Malgré la difficile conjoncture économique mondiale de ces dernières années et la fragilité de la situation sécuritaire, les perspectives macroéconomiques se sont sensiblement améliorées — tout au moins pour le court terme. La croissance du produit intérieur brut (PIB) réel devrait être d’environ 6 % pour 2010 et l’inflation se situe actuellement à 7½ %, soit de meilleurs niveaux que l’an dernier; le budget se maintient sur la bonne voie et les concours de la banque centrale ont été réduits; enfin, le secteur extérieur se montre plus solide qu’en 2009 grâce à la vigueur de l’activité minière et à l’allégement obtenu dans le cadre de l’Initiative renforcée en faveur des pays pauvres très endettés et de l’Initiative d’allégement de la dette multilatérale (voir Communiqué de presse No. 10/274).

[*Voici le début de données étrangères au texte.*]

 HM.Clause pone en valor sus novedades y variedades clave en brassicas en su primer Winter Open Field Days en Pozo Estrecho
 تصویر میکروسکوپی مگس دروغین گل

Pour la période à venir, les grandes lignes des politiques économiques doivent être maintenues. De manière plus précise, le budget de 2011 devrait aligner l’enveloppe de dépenses sur les recettes intérieures escomptées et les financements extérieurs disponibles, afin d’éviter les concours de la banque centrale. Les échanges ont également traité des risques qui pèsent sur le programme des autorités, dont un essoufflement de la reprise de l’économie mondiale qui pourrait nuire aux perspectives de croissance ; une perte de la maîtrise budgétaire provoquée par les soucis sécuritaires et des dérapages à la veille des élections présidentielles et législatives de l’an prochain et qui risquerait de déstabiliser l’économie ; et des faiblesses persistantes dans le climat des affaires et la gouvernance pouvant entraîner une diminution des financements et des investissements directs étrangers et brider le développement du secteur privé.

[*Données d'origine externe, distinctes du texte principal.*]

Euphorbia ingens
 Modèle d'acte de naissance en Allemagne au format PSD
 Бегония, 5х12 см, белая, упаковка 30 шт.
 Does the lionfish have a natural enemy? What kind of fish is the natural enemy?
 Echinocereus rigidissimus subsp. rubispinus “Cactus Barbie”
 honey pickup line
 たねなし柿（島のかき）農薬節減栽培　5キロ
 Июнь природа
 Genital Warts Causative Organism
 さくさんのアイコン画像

À partir de ces échanges, les services du FMI entendent travailler en étroite collaboration avec les autorités durant les semaines à venir, en consultation avec leurs partenaires au développement et la Banque mondiale, afin de maintenir le cap des réformes dans plusieurs domaines, voire de les accélérer. Parmi ces domaines figurent la gestion des finances publiques, le secteur financier, l’indépendance et l’efficacité de la banque centrale et les industries extractives. Dans ces industries l’objectif consiste à adopter un cadre d’action et des mesures propres à dynamiser l’environnement des affaires et à promouvoir la gouvernance et la transparence, atouts importants pour améliorer les perspectives d’une croissance tirée par les exportations.

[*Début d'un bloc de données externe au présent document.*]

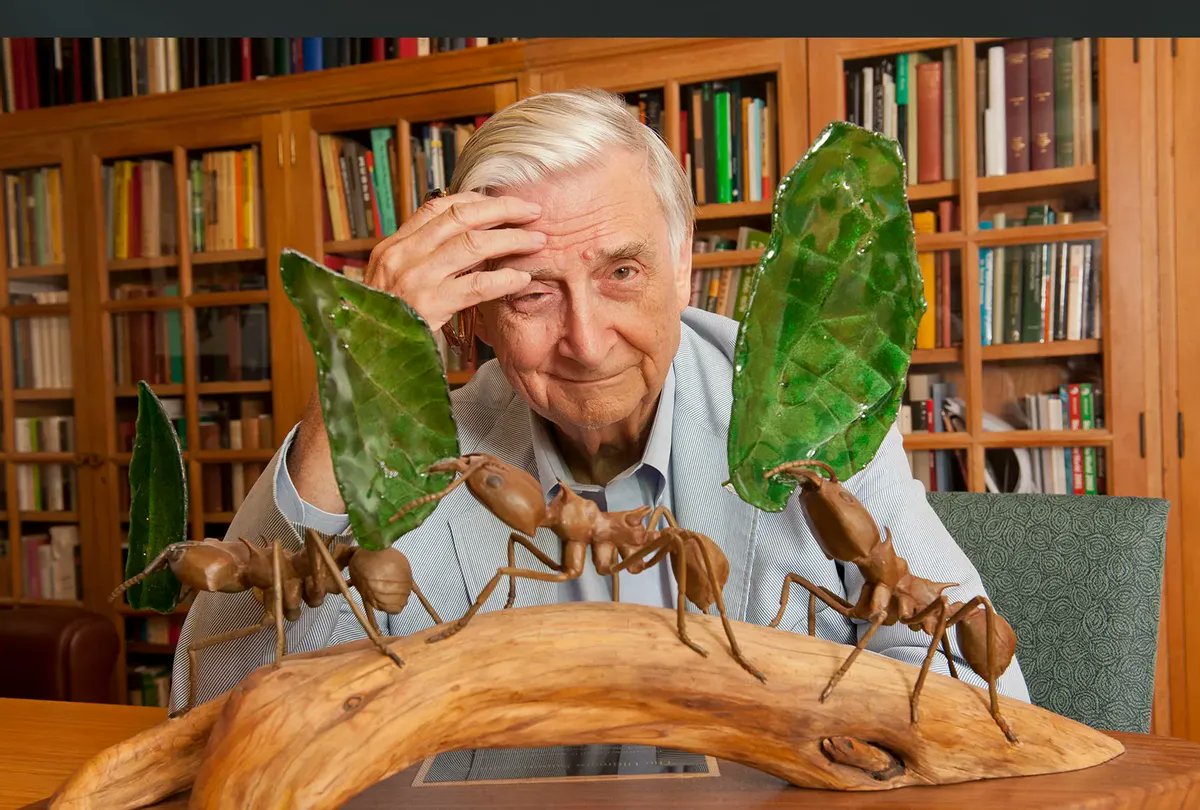 UDcanr's tweet photo. E.O. Wilson was an extraordinary scholar in every sense of the word. @UDelaware's Doug Tallamy paid tribute to the late biologist, who was the first to understand the evolutionary basis of both animal and human societies. https://t.co/1JNLZns4OV #UDel #Entomology #Sustainability https://t.co/VVEraQUfBV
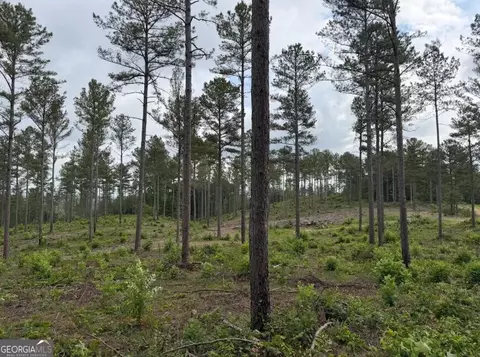 0 Mt Sinai #LOT 3, Lula, GA 30554 photo 46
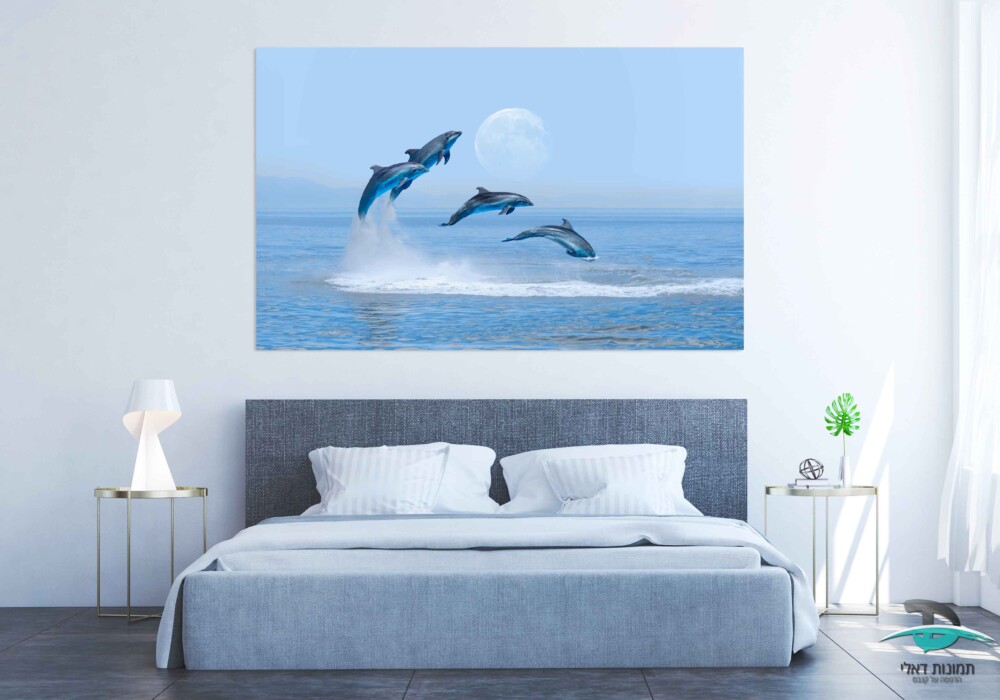 דולפינים על רקע ים ושמיים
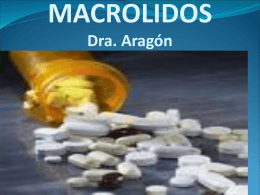 MACROLIDOS Dra. Ángela Aragón Grupo N° 1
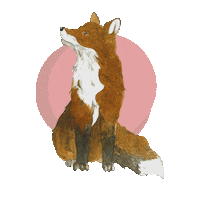 AdelaV fox liska epipi prodejnasradosti Sticker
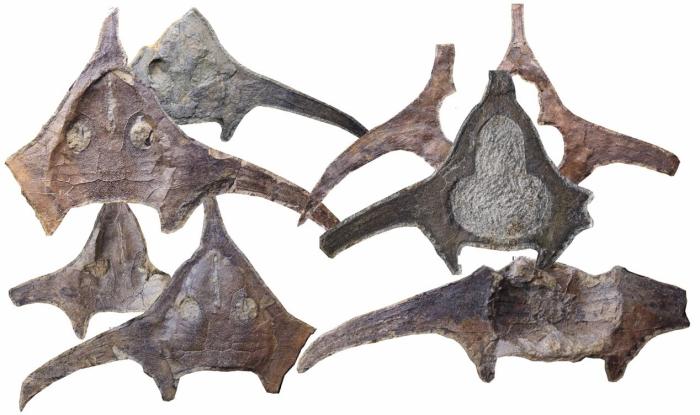 玉海翼角魚化石照片?！∩w志琨 攝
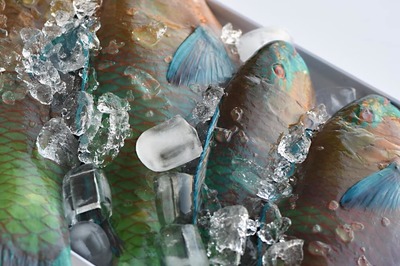 مطعم اسماك النورس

Les services du FMI se sont dits prêts à appuyer l’achèvement de la deuxième revue programmée pour la fin décembre 2010 pour autant que les résultats continuent d’être satisfaisants et qu’il existe un accord sur les politiques et réformes à venir. De fait, si les autorités parvenaient à accélérer les principales réformes structurelles, la revue pourrait être achevée plus tôt.


1 La Facilité élargie de crédit (FEC), qui a remplacé la Facilité pour la réduction de la pauvreté et pour la croissance (FRPC) comme principal outil dont dispose le FMI pour apporter un soutien financier à moyen terme aux pays à faible revenu, est caractérisée par des niveaux d'accès plus élevés aux financements, des modalités de concours plus concessionnelles, une plus grande souplesse dans la conception des programmes, et une conditionnalité à la fois plus simple et mieux ciblée. Le taux d’intérêt des financements accordés au titre de la FEC est de 0 %, avec un différé d’amortissement de cinq ans et demi et une échéance finale de dix ans. Le FMI revoit tous les deux ans les taux d’intérêt de toutes les facilités concessionnelles.